Trial three can be the point at which major adjustments were made. If the positive control had worked for trial two, then it would have been evident that the primers in use were not applicable to this experiment, but that will be discussed later on. The concentration of DNA was raised, which was done by decreasing the amount of PCR solution to 25 µl. Once again DL7 through DL10 were used individually and combined. Two positive controls were used; E. coli bacteria and P.S. aeruginosa . Both were given primers DL7 and DL8. The abundance of positive controls used was a way to ensure the PCR method was working correctly. Also, the annealing temperature was lowered to 30°C in the PCR machine. It was just another way to define any areas where error had occurred. The end result had the ? ladder and the positive control of P.S. aeruginosa showing bands of DNA (Figure 5). Therefore, the PCR was done correctly, but the mixture of the primers in the E. coli and EAB DNA was not confirmed. To see the primer work with a bacterium such as E. coli, can be surprising. But this can point to similarities between plants and bacteria, as opposed to plants and insects, due to the primers being designed for plants.
Final Conclusions:
The absence of DNA bands to make a genomic fingerprint prohibited the second part of the experiment from being done.

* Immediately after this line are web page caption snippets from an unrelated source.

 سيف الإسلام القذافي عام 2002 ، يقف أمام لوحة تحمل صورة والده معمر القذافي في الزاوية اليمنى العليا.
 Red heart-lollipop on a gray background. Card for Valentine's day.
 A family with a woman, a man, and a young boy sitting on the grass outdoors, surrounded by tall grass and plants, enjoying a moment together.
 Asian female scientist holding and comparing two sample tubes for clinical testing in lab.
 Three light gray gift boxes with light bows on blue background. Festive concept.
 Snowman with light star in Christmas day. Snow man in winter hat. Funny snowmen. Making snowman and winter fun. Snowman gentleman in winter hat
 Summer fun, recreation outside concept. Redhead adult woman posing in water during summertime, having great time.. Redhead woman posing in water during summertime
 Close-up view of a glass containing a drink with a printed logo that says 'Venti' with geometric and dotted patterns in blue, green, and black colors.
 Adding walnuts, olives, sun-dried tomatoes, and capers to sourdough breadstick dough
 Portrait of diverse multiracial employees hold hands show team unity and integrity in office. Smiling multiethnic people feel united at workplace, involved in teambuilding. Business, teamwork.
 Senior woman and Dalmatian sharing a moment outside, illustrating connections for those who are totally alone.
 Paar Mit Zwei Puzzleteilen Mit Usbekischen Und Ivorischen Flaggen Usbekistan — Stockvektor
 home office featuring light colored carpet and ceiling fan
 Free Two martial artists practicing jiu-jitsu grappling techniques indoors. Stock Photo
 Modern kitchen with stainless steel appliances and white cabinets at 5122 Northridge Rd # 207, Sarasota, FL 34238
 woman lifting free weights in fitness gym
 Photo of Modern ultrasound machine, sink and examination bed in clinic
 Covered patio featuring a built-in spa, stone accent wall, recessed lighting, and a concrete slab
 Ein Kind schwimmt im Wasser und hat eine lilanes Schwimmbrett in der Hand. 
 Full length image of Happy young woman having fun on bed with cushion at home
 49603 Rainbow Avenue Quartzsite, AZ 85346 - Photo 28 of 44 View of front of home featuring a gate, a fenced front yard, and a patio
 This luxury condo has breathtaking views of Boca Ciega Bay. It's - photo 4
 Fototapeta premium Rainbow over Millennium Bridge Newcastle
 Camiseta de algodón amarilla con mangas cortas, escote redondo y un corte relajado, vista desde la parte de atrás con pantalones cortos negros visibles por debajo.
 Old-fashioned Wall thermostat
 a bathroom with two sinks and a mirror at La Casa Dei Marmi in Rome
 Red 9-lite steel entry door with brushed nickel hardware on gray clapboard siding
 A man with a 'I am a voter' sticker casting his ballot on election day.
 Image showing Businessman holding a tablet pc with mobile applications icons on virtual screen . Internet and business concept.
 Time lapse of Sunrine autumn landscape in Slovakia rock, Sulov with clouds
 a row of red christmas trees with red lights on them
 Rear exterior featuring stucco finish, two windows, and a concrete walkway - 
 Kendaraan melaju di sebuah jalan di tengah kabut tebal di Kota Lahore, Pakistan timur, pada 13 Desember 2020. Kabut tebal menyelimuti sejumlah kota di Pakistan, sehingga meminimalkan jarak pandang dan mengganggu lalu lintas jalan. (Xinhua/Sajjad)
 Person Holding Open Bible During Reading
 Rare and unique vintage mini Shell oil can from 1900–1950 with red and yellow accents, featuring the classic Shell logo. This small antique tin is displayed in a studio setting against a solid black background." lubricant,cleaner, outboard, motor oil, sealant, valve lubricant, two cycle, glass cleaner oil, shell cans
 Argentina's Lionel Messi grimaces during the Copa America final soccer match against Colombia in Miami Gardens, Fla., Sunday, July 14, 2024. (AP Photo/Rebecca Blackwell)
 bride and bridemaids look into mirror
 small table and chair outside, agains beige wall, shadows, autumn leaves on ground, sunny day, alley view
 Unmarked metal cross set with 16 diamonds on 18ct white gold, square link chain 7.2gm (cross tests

Without a replicable DNA fingerprint from the EAB, the cockroach DNA fingerprint could not be compared to find differences in uniqueness.
Ultimately, I believe the main reason for the unsuccessful results was the PCR primers paired with the EAB DNA. The primers had previously been tested on plants and not insects; this could be why the primers did not attach at the binding sites on the EAB genome. Insects and plants are very different organisms, therefore it would be no surprise to compare their genomes and see major differences. The primer sequences of DL7- DL10 were probably not found on the DNA of the EAB, which would inhibit the annealing of the two. If PCR primers that are used on insect DNA could be obtained, then perhaps a successful result could be found and the hypothesis supported. But this experiment can be used as a confirmation that inter-species/ kingdom/organism PCR primers are not possible, at least not in the plant/ insect case.